[Opening DATASET EXTRACT section]

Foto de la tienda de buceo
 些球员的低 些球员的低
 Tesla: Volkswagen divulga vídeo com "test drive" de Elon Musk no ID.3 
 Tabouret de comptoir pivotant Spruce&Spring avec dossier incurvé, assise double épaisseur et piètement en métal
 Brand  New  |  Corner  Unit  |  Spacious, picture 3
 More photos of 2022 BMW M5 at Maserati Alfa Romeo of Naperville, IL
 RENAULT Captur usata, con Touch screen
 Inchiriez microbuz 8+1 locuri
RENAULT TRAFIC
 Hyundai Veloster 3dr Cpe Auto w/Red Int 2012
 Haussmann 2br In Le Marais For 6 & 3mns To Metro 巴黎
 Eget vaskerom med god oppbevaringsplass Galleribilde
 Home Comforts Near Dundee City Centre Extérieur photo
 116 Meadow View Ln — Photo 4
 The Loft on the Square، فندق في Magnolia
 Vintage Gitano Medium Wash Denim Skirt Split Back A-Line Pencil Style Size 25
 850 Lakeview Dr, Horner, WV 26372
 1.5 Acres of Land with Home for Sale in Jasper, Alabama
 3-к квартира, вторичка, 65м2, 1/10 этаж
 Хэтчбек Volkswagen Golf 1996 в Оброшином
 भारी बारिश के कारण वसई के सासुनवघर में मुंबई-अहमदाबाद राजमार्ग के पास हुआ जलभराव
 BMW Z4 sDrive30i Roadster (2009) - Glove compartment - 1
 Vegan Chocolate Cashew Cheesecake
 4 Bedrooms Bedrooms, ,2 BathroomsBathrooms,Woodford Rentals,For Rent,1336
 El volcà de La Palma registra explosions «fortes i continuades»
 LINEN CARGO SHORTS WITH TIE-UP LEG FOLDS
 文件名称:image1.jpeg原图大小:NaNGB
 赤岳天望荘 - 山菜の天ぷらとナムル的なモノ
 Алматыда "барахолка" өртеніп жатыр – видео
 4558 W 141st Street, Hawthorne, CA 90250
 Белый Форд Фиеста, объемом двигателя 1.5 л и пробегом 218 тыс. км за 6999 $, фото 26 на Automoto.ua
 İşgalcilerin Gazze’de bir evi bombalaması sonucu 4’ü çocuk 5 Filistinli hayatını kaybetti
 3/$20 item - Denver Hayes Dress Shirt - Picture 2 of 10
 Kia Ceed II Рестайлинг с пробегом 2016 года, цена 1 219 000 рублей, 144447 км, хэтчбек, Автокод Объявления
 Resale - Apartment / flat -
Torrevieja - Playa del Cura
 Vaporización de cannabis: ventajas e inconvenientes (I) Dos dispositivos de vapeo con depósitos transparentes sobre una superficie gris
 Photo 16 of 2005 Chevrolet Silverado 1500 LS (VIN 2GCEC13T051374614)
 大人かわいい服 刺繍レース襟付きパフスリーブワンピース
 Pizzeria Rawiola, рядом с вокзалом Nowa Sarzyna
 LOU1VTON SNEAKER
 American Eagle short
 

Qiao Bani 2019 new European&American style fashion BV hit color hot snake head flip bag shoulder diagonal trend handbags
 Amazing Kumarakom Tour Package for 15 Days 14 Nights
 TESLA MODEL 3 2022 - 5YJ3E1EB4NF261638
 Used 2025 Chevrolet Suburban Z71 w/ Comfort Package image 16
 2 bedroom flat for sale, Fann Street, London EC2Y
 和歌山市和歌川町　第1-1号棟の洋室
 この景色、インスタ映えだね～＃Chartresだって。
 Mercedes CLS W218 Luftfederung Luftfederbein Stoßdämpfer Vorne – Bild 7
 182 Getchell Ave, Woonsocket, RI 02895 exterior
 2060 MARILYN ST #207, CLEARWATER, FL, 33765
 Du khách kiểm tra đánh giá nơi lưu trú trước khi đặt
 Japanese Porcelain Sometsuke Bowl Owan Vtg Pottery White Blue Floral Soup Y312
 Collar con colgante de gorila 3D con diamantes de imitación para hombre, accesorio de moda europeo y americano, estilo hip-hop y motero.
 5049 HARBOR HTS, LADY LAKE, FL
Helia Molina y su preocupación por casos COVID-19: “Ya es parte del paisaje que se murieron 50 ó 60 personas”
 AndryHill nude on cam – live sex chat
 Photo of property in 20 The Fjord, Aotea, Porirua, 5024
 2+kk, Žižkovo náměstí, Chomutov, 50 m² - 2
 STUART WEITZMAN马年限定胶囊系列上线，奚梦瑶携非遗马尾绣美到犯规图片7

[Closing DATASET EXTRACT section]

WHAT YOU SHOULD DO – Set down each entry from above once more, exactly as written.

EXERCISE RESULT –
Foto de la tienda de buceo
 些球员的低 些球员的低
 Tesla: Volkswagen divulga vídeo com "test drive" de Elon Musk no ID.3 
 Tabouret de comptoir pivotant Spruce&Spring avec dossier incurvé, assise double épaisseur et piètement en métal
 Brand  New  |  Corner  Unit  |  Spacious, picture 3
 More photos of 2022 BMW M5 at Maserati Alfa Romeo of Naperville, IL
 RENAULT Captur usata, con Touch screen
 Inchiriez microbuz 8+1 locuri
RENAULT TRAFIC
 Hyundai Veloster 3dr Cpe Auto w/Red Int 2012
 Haussmann 2br In Le Marais For 6 & 3mns To Metro 巴黎
 Eget vaskerom med god oppbevaringsplass Galleribilde
 Home Comforts Near Dundee City Centre Extérieur photo
 116 Meadow View Ln — Photo 4
 The Loft on the Square، فندق في Magnolia
 Vintage Gitano Medium Wash Denim Skirt Split Back A-Line Pencil Style Size 25
 850 Lakeview Dr, Horner, WV 26372
 1.5 Acres of Land with Home for Sale in Jasper, Alabama
 3-к квартира, вторичка, 65м2, 1/10 этаж
 Хэтчбек Volkswagen Golf 1996 в Оброшином
 भारी बारिश के कारण वसई के सासुनवघर में मुंबई-अहमदाबाद राजमार्ग के पास हुआ जलभराव
 BMW Z4 sDrive30i Roadster (2009) - Glove compartment - 1
 Vegan Chocolate Cashew Cheesecake
 4 Bedrooms Bedrooms, ,2 BathroomsBathrooms,Woodford Rentals,For Rent,1336
 El volcà de La Palma registra explosions «fortes i continuades»
 LINEN CARGO SHORTS WITH TIE-UP LEG FOLDS
 文件名称:image1.jpeg原图大小:NaNGB
 赤岳天望荘 - 山菜の天ぷらとナムル的なモノ
 Алматыда "барахолка" өртеніп жатыр – видео
 4558 W 141st Street, Hawthorne, CA 90250
 Белый Форд Фиеста, объемом двигателя 1.5 л и пробегом 218 тыс. км за 6999 $, фото 26 на Automoto.ua
 İşgalcilerin Gazze’de bir evi bombalaması sonucu 4’ü çocuk 5 Filistinli hayatını kaybetti
 3/$20 item - Denver Hayes Dress Shirt - Picture 2 of 10
 Kia Ceed II Рестайлинг с пробегом 2016 года, цена 1 219 000 рублей, 144447 км, хэтчбек, Автокод Объявления
 Resale - Apartment / flat -
Torrevieja - Playa del Cura
 Vaporización de cannabis: ventajas e inconvenientes (I) Dos dispositivos de vapeo con depósitos transparentes sobre una superficie gris
 Photo 16 of 2005 Chevrolet Silverado 1500 LS (VIN 2GCEC13T051374614)
 大人かわいい服 刺繍レース襟付きパフスリーブワンピース
 Pizzeria Rawiola, рядом с вокзалом Nowa Sarzyna
 LOU1VTON SNEAKER
 American Eagle short
 

Qiao Bani 2019 new European&American style fashion BV hit color hot snake head flip bag shoulder diagonal trend handbags
 Amazing Kumarakom Tour Package for 15 Days 14 Nights
 TESLA MODEL 3 2022 - 5YJ3E1EB4NF261638
 Used 2025 Chevrolet Suburban Z71 w/ Comfort Package image 16
 2 bedroom flat for sale, Fann Street, London EC2Y
 和歌山市和歌川町　第1-1号棟の洋室
 この景色、インスタ映えだね～＃Chartresだって。
 Mercedes CLS W218 Luftfederung Luftfederbein Stoßdämpfer Vorne – Bild 7
 182 Getchell Ave, Woonsocket, RI 02895 exterior
 2060 MARILYN ST #207, CLEARWATER, FL, 33765
 Du khách kiểm tra đánh giá nơi lưu trú trước khi đặt
 Japanese Porcelain Sometsuke Bowl Owan Vtg Pottery White Blue Floral Soup Y312
 Collar con colgante de gorila 3D con diamantes de imitación para hombre, accesorio de moda europeo y americano, estilo hip-hop y motero.
 5049 HARBOR HTS, LADY LAKE, FL
Helia Molina y su preocupación por casos COVID-19: “Ya es parte del paisaje que se murieron 50 ó 60 personas”
 AndryHill nude on cam – live sex chat
 Photo of property in 20 The Fjord, Aotea, Porirua, 5024
 2+kk, Žižkovo náměstí, Chomutov, 50 m² - 2
 STUART WEITZMAN马年限定胶囊系列上线，奚梦瑶携非遗马尾绣美到犯规图片7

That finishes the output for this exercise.